CLOCK UNIT
Below is a snapshot of the clock unit designed in Lab1. It consists of a standard LogicWorks clock unit producing a high signal of 10 and a low signal of 240 units of time, extended into a chain of seven buffers each of delay 30. This way we can produce the proper pattern of subcycles as pictured in the time graph below.

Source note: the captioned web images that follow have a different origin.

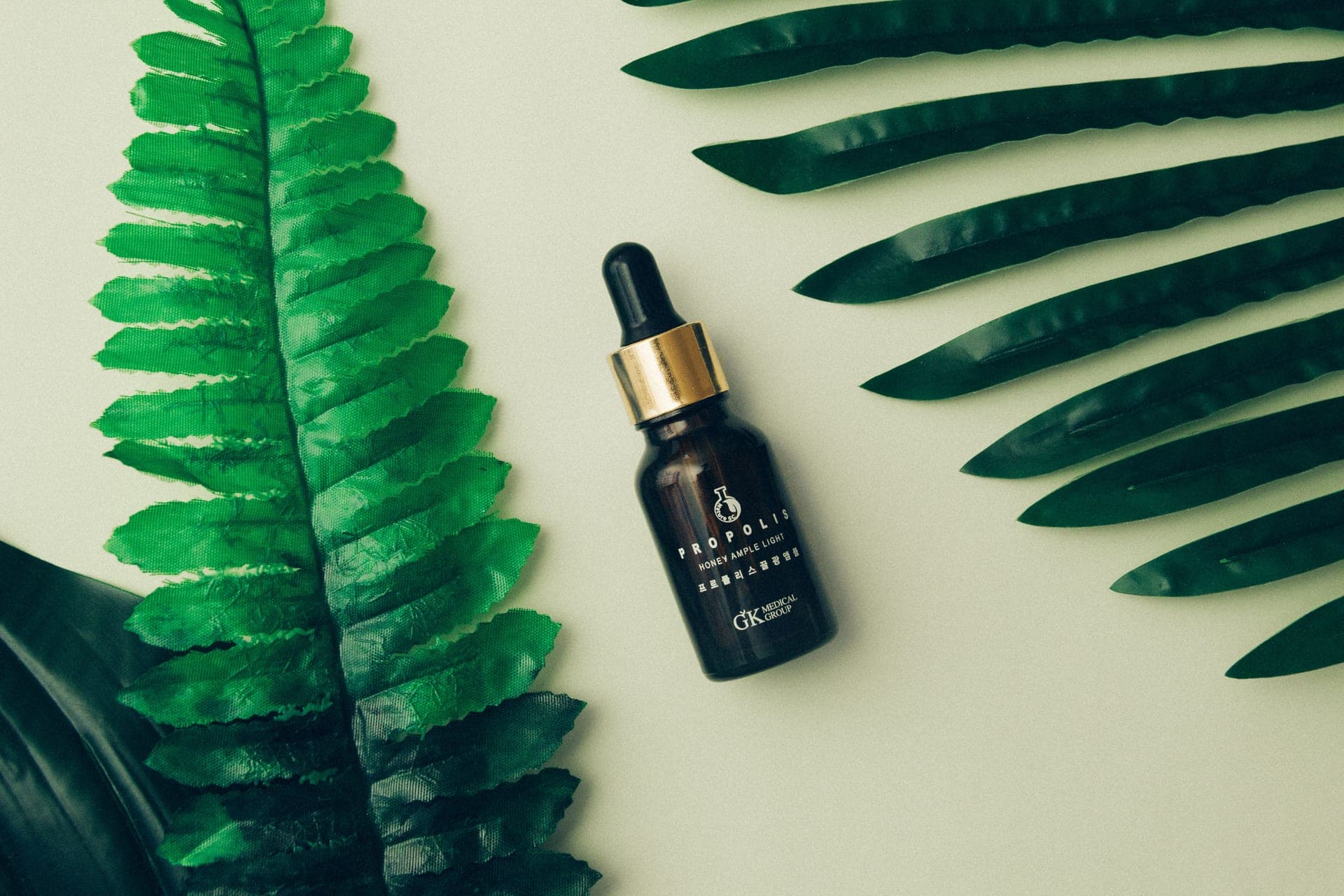A green leaf and a clear serum dropper on a neutral background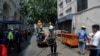 Members of the Myanmar Red Cross Society disinfect a street as a preventive measure 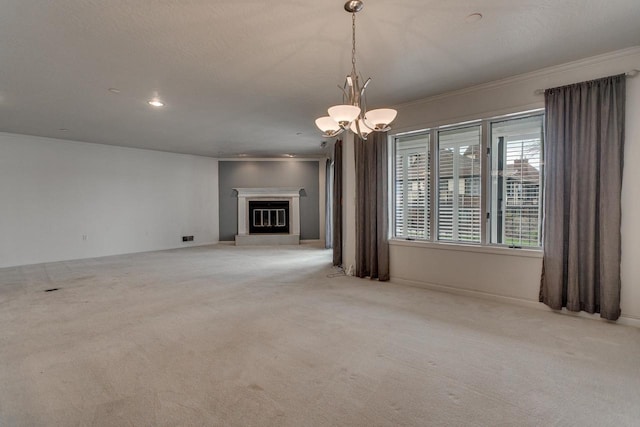 unfurnished living room featuring a glass covered fireplace, carpet floors, crown molding, and an inviting chandelier
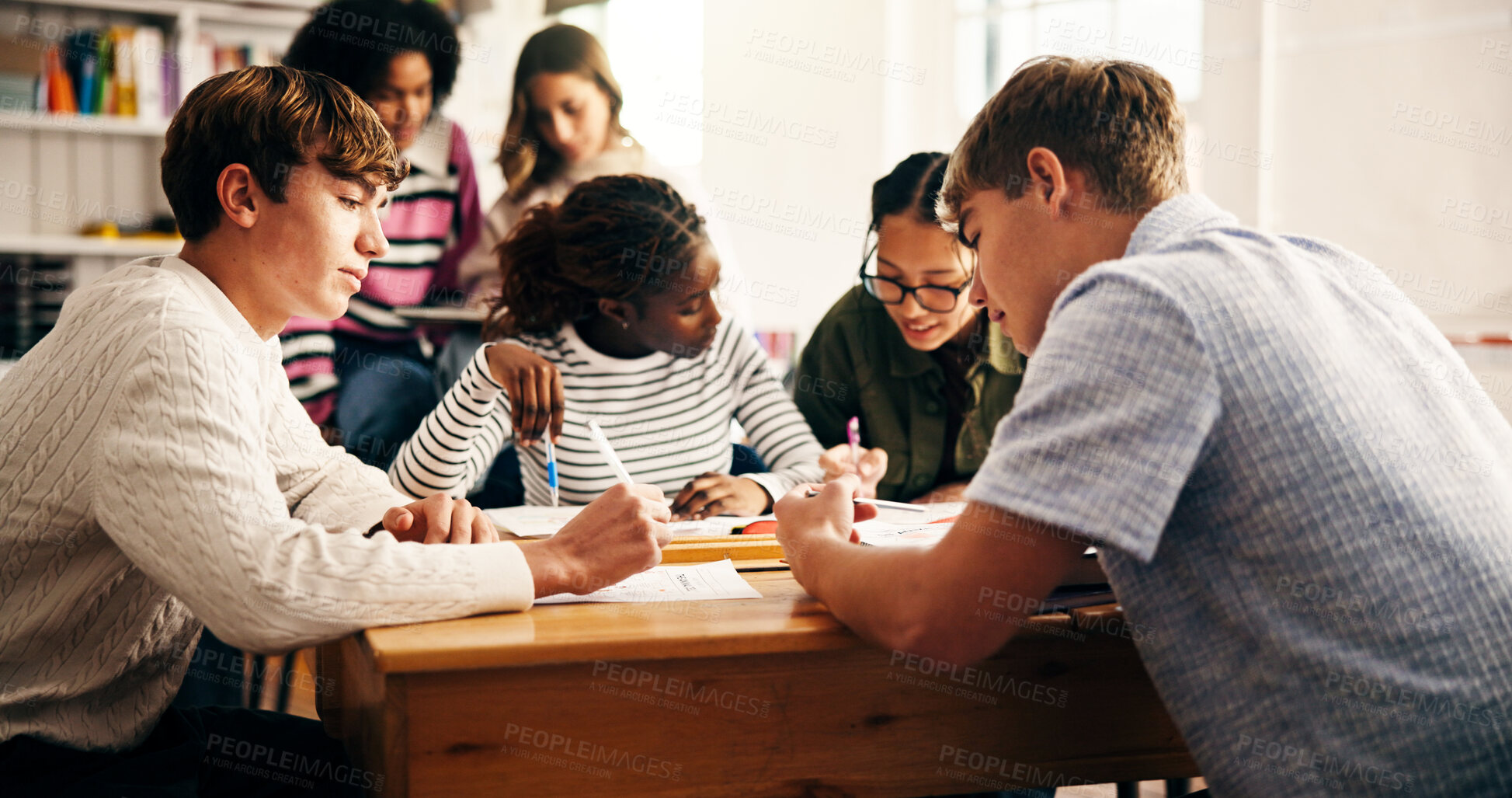 Buy stock photo Pupil, teen group and project at high school for teamwork, problem solving and study for exam. Children, girl and boy with books, writing or brainstorming with assessment for education at academy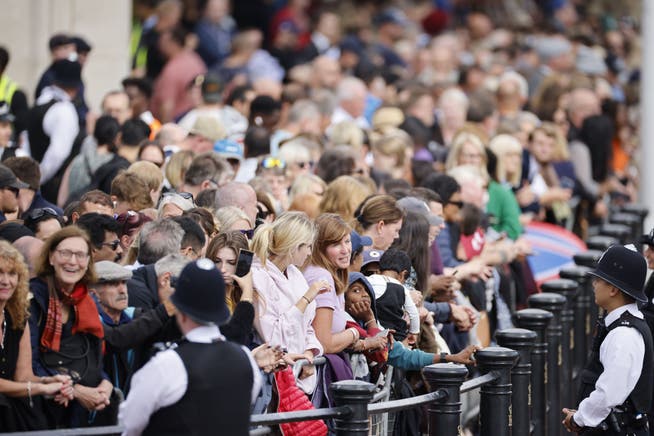 Die Zuschauerbereiche entlang der Route des Trauerzugs für Queen Elizabeth II. sind komplett mit Menschen gefüllt.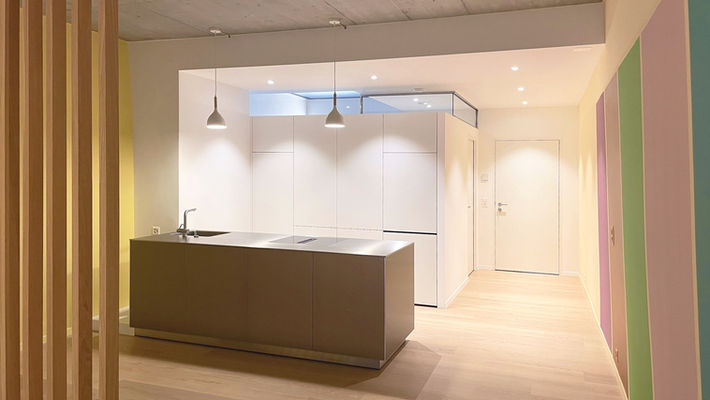 Cuisine ouverte
Îlot inox Alu Bulthaup
Bloc armoires murales blanches
Bandeau vitré
Verrière intérieure translucide
Second jour
Parquet massif chêne clair
Béton apparent plafond
Séquence couleurs 
Fresque murale colorée contemporaine 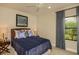 Comfortable bedroom features a ceiling fan and a window overlooking outdoor landscaping at 26687 Raphis Royale Blvd, Englewood, FL 34223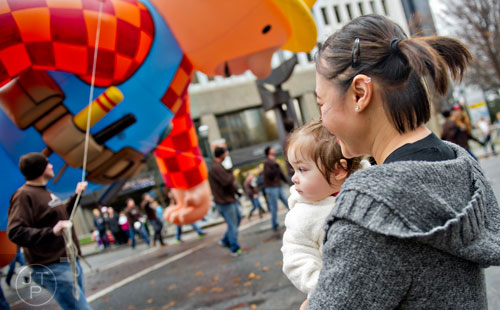 Held by her mother Chau Jones (right), Clu watches as balloons pass by during the 2014 Children's Christmas Parade in Atlanta on Saturday, December 6, 2014.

GENERIC 12-BIT REGISTER (MAR)
The next item that needs to be constructed is a generic 12-bit register with a 3-state SEND line. While LogicWorks does not have a handy one, one can easily be constructed with the available pieces as follows:
This generic 12-bit register wears many hats, such as MAR (Memory Address Register) and PC (Program Counter). We need to create a system where during the clock's first subcycle (SC0) PC passes its contents to MAR. Up until this point, we do not need them to be different from each other. That is, we just need two 12-bit registers to pass information from one to the other via the 16-bit bus when the clock ticks. However, as the main program counter, the PC has to have some added functionality. We must add to it the ability to increment its information with each clock tick. Specifically, we want PC to increment its contents by 1 on the clock subcycle immediately following the passing of the information to the MAR, i.e. SC1, or the second subcycle.
To do this, we need to construct a PC+1 register. Obviously, it will be based on the generic 12-bit register (PC), but the functionality we need from the PC+1 means we have to add some pieces to it. Before we get to the point where we can offload the incrementing portion of this to the ALU (to be constructed much later), we can use something more basic to perform this for us. A full adder comes to mind. We can construct a full adder from several half-adders, as follows:
BASIC HALF-ADDER
COMBINING 12 HALF-ADDER DEVICES
We want the generic 12-bit register at the core of this PC+1 device to be able to send out its information (but only at our behest) as well as to loop its own information back to itself (incremented by 1). We therefore need to wire the output of the 12-bit to a 3-state buffer that holds it until we say SEND. Meanwhile, we split the output lines of the generic register to go to our full adder, which will take the 12 bits of information, add 1 to it, and send it back to the 12-bit register via some MUX devices.
Thus modified, the register can accept an ADD1 command. When the mysteriously named MUX_S0 line receives a signal, the internal 12-bit register is incremented by 1, as is the overall Program Counter device. We represent this as:
PC=PC+1
We will call this configuration of PC+1 and MAR (connected via a 16-bit bus) our SKELETAL PROCESSOR. (PC -> MAR will occur at subcycle 0.)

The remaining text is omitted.